If indexing happens on the gap, the properties will be accessible, but the
document content will not be available that causes the error. The fix is not
yet completed.
The code snippet that causes this error is shared below.
The run() method of the ProcessDocumentThread inner class on the
org.apache.manifoldcf.crawler.connectors.DCTM.DCTM
try
{
strFilePath = object.getFile(objFileTemp.getCanonicalPath());
}
catch (DocumentumException dfe)
{
// Fetch failed, so log it
activityStatus = "NOCONTENT";
activityMessage = dfe.getMessage();
if (dfe.getType() != DocumentumException.TYPE_NOTALLOWED)
throw dfe;
return;
}
The getFile method on the
org.apache.manifoldcf.crawler.common.DCTM.DocumentumObjectImpl
catch (DfException dfe)
{
// Can't decide what to do without looking at the exception text.
// This is crappy but it's the best we can manage, apparently.
String errorMessage = dfe.getMessage();
if (errorMessage.indexOf("[DM_CONTENT_E_CANT_START_PULL]") == -1)
// Treat it as transient, and retry
throw new
DocumentumException(dfe.getMessage(),DocumentumException.TYPE_SERVICEINTERRUPTION);
// It's probably not a transient error. Report it as an access
violation, even though it
// may well not be. We don't have much info as to what's happening.
throw new
DocumentumException(dfe.getMessage(),DocumentumException.TYPE_NOTALLOWED);
}
The approach to discard uncrawlable documents and continue with the indexing
process is meaningful rather than stalling it. If you feel it is good to
include, kindly do the required coding exception.
Regards,
Tamizh Kumaran Thamizharasan
From: Karl Wright [mailto:[email protected]]
Sent: Friday, July 14, 2017 12:36 PM
To: [email protected]
Cc: Sharnel Merdeck Pereira; Sundarapandian Arumaidurai Vethasigamani
Subject: Re: Documentum job stops on error
Hi Tamizh,
For any repository errors, ManifoldCF needs to know the following:
(1) Is it likely to go away or not on a retry;
(2) Does it substantially impact the ability of ManifoldCF to properly process
the document;
(3) Is it generally acceptable to skip ALL documents where the error occurs.

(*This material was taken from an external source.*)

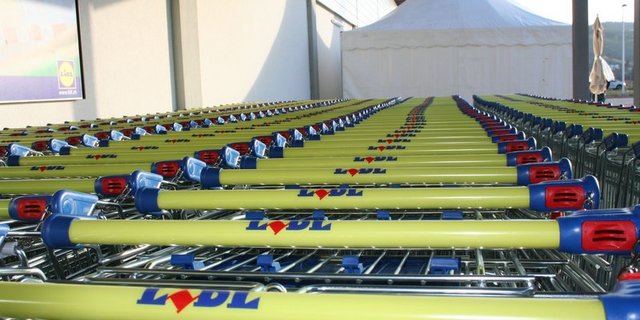 Ein Grossteil der CO2-Emissionen kommen aus dem Transportbereich. (Symbolbild Hans Rüssli)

In this case your underlying error seems quite worrying:
[DM_SYSOBJECT_E_CONTENT_UNAVAILABLE_PARKED]error: "The content is temporarily
parked on a BOCS server host. It will be available when it is moved to a
permanent storage area."
I could imagine that many or most documents are in fact in that state, in which
case nothing can really be crawled?
I'm happy to make coding exceptions in the Documentum connector for discarding
uncrawlable documents, but only if it makes sense to do that. Here it is not
clear at all that we'd want to change MCF to throw away all documents with this
problem. It sounds instead like there's some significant Documentum
configuration issue to me.
Thanks,
Karl
On Fri, Jul 14, 2017 at 2:39 AM, Tamizh Kumaran Thamizharasan
<[email protected]<mailto:[email protected]>>
wrote:
Hi Team,
Below behavior is observed on using ManifoldCF Documentum connector.
• On any Documentum specific error, the application throws the error
and the job stops abruptly. If there is any specific reason for this approach?

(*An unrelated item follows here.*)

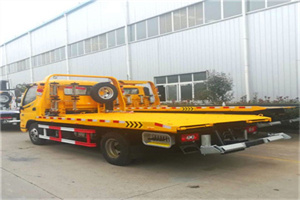 昂仁附近拖车救援搭电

Can we handle these errors by logging the errors, ignoring the document and
continue the indexing?
Please find the sample error causing the job to fail.
Documentum error: [DM_PLATFORM_E_INTEGER_CONVERSION_ERROR]error: "The server
was unable to convert the following string (String Unavailable) to an integer
or long."
Caused by: org.apache.manifoldcf.crawler.common.DCTM.DocumentumException:
Documentum error: [DM_OBJECT_E_LOAD_INVALID_STRING_LEN]error: "Error loading
object: invalid string length 0 found in input stream"
Error: Repeated service interruptions - failure processing document:
[DM_SYSOBJECT_E_CONTENT_UNAVAILABLE_PARKED]error: "The content is temporarily
parked on a BOCS server host. It will be available when it is moved to a
permanent storage area."
Kindly provide your suggestion on this.
Regards,
Tamizh Kumaran Thamizharasan